The healthcare environment is clearly one that is highly stressful and dynamic. Simply put the job is not a cake walk by any means. Sometimes people are on edge, sometimes providers are having a bad day. Be that as it may, it does not excuse those providers from being rude or unprofessional.

The cannibalism of nursing which is well known at all levels of healthcare has a uniqueness about it that transcends the normal or everyday abusiveness that can be fielded from an angry physician. It is far worse. Nurses will gossip, about other nurses. Nurses will purposely not help out their colleagues when they are busy. They will just sit back and watch them struggle. Nurses will periodically try and make things difficult for less experienced nurses. A constant criticism about what another nurse did or didn’t do in caring for a patient becomes the break room gossip. For nurses that have less experience in some clinical areas or are just new there is an enormous amount of criticism and judging made about what a nurse may not be familiar with. Nurses are notorious for gossiping about what other nurses may not know, either from lack of experience or because the procedure or clinical topic is seen infrequently. Nurses are their own worst enemy much of the time.

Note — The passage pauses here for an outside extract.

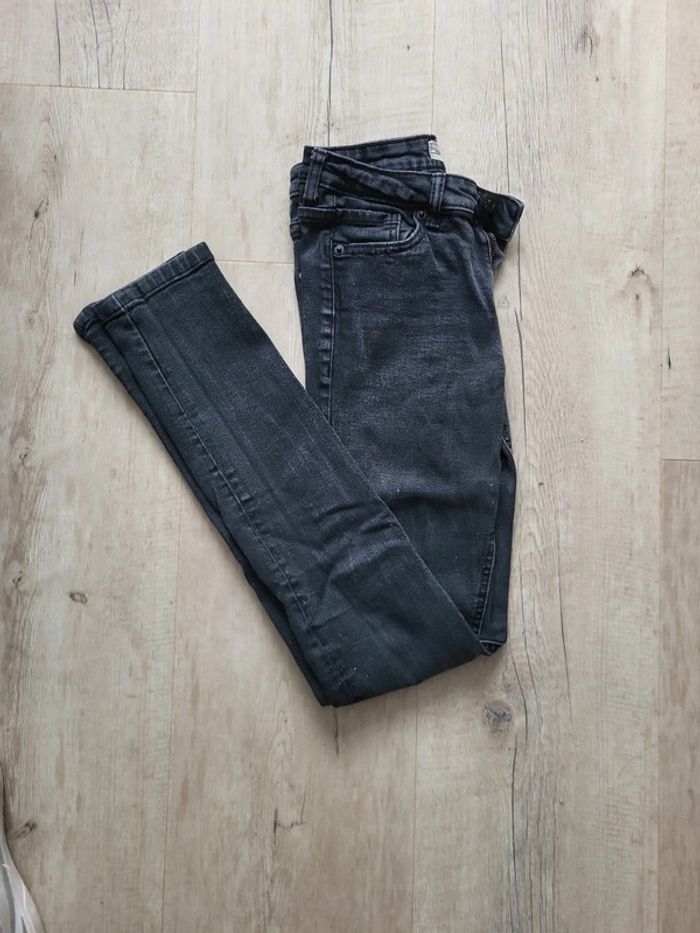 Jeans skinny taille 34 noir - photo numéro 4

Today’s healthcare workplace can be difficult. The expectations and requirements that nurses must operate under are significant. Healthcare organizations are being forced to do more with less. It is in nursing’s interest to make a paradigm shift and put away the gossip and the criticism and help each other out. It is time to gang up on the bullies. Healthcare leaders at all levels are pivotal in setting the example and enforcing a work environment that is free of abusiveness. Executive healthcare leaders must be willing to take harsh action against nursing and physician providers that are abusive and if need be revoke privileges to practice despite the impact on revenue. Additionally abusive providers should have their conduct reported to their respective licensing boards so that continued abusive behavior becomes a matter of record. Until healthcare leaders take an interest in the work environment then it is unlikely that today’s healthcare workplace will change much. Healthcare needs more people like Nick Jacobs at the helm who are constantly focusing on improving the healthcare experience for patients and improving working conditions for staff.